Downgrades to Credit Suisse ratings added to the pressure. Pilbara Minerals fell 20.03% after CS downgraded its rating to ‘Neutral’. Allkem, also downgraded to neutral, fell 15.39%.
Nickel miner IGO lost 11.71%. Liontown Resources fell 19.08% and Mineral Resources fell 8.07%. Nickel junior Resource Mining Corporation lost nearly a third of its value after announcing plans to drill in Tanzania.
The market took off overnight on Wall Street as trading resumed after the Memorial Day long weekend. The S&P500 fell 0.63% in its first loss in four sessions.
Investors weren’t worried by the news either. economic growth slowed last month as the reopening boom at the end of last year faded. The economy grew 0.8% in the March quarter, down from 3.6% growth in the last three months of 2021.
Year-on-year growth was 3.3%, above expectations. The dollar fell 0.16% to 71.71 US cents.
“The recently released GDP figures will be closely watched by market participants, including the RBA for its interest rate decision next week,” Kalkine Group chief executive Kunal Sawhney said.
“Financial markets are pricing in another interest rate hike by the central bank at its June meeting. There are concerns that continued aggressive monetary policy tightening by the central bank could push the economy into recession, which could weigh on stock market valuations.
“However, the reopening of the Chinese economy should alleviate some of the concerns about the Australian economy falling into recession.”
The day’s gains were heavily concentrated at the top of the market. Fortescue Metals climbed 3.23%, Telstra 3.09% and Transurban 2.44%. BHP added 2.33%, Coles 1.54% and Woolworths 1.5%.

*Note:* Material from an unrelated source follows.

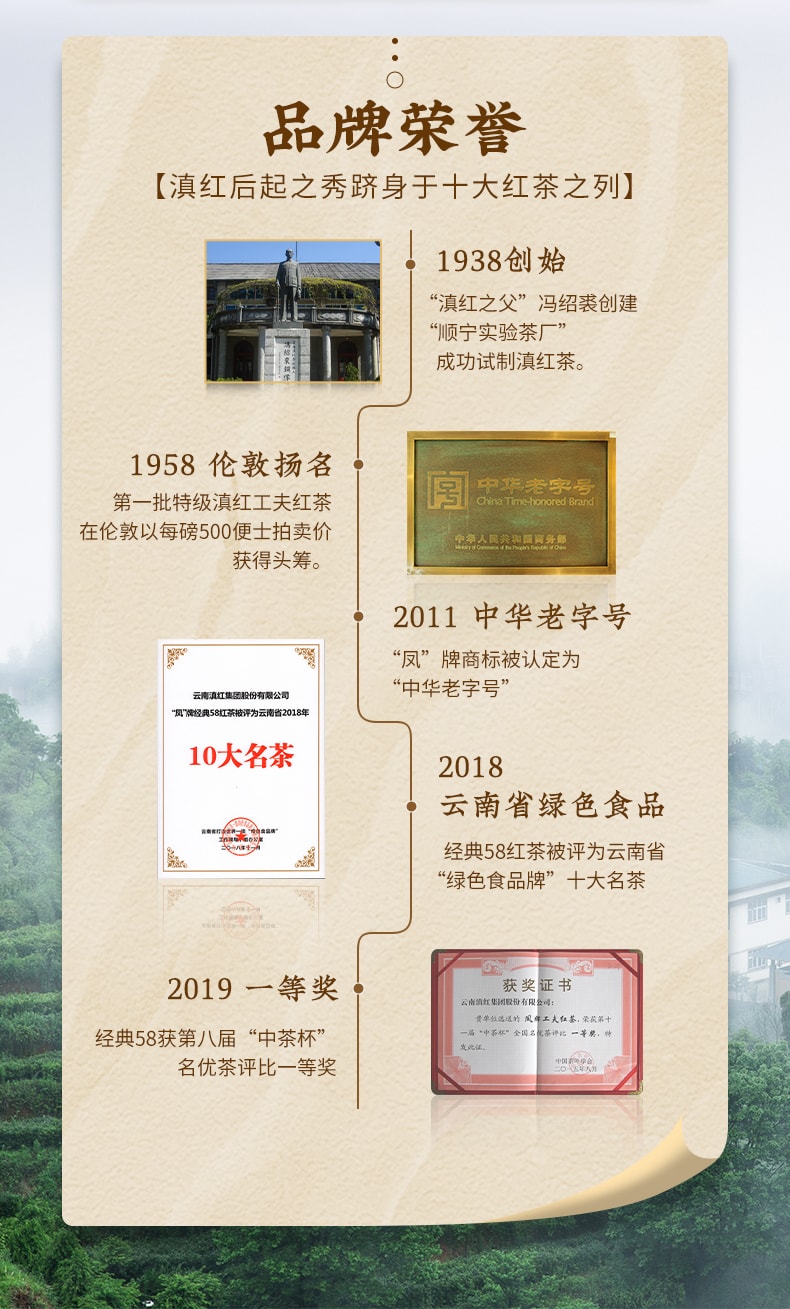鳳牌 經典58滇紅茶 雲南鳳慶老茶樹紅茶 蜜香甘甜 口糧茶首選 鐵盒超值裝 380g
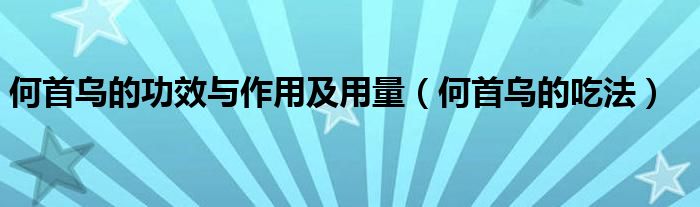 何首乌的功效与作用及用量（何首乌的吃法）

In the banking space, Commonwealth Bank put on 2.25 percent, ANZ 1.08 percent and Westpac 0.96 percent.
NAB strengthened by 0.93% after completing the acquisition of Citigroup’s consumer business. CEO Ross McEwan said the purchase gave the bank “greater scale in unsecured lending and supports investment in new technology.”
original energy fell 13.72% after volatility in commodity prices prompted it to drop its 2023 guidance. The company attributed the move to “extreme volatility in commodity markets”, which affected coal deliveries and the costs of its Eraring power plant. FY22 earnings were expected to be in the middle of the $1.95 billion to $2.25 billion forecast.
“There is a very high degree of uncertainty surrounding the range of earnings results for fiscal year 2023. As a result, Origin has withdrawn all guidance for fiscal year 2023. Origin will continue to assess the outlook, with a view to provide a full year results update in August,” the company said.
Growth stocks were put under pressure by a rally in bond yields. Zip Co fell by 8.74%, PointsBet by 12.46% and Telix Pharmaceutical by 7.73%.
mesoblast fell 2.54% after higher revenue and lower research costs helped narrow its third-quarter loss. Revenue increased 5% to $2 million. Cash usage decreased by 40% to $15.5 million. The loss for the quarter was US$21.3 million, compared to US$26.5 million in the prior quarter.
A mixed afternoon on Asian markets saw the Asia Dow gain 0.09% and the Japanese Nikkei gain 0.48%. China’s Shanghai Composite fell 0.61%. Hong Kong’s Hang Seng lost 1.02%.
US Futures Contracts forfeited previous earnings. S&P 500 futures returned to neutral after rising about 0.5%.
Oil also lost its initial earnings. Brent crude for August delivery has been flat lately at US$115.60 a barrel.
Gold slid US$13.90 or 0.75% to US$1,834.50 an ounce.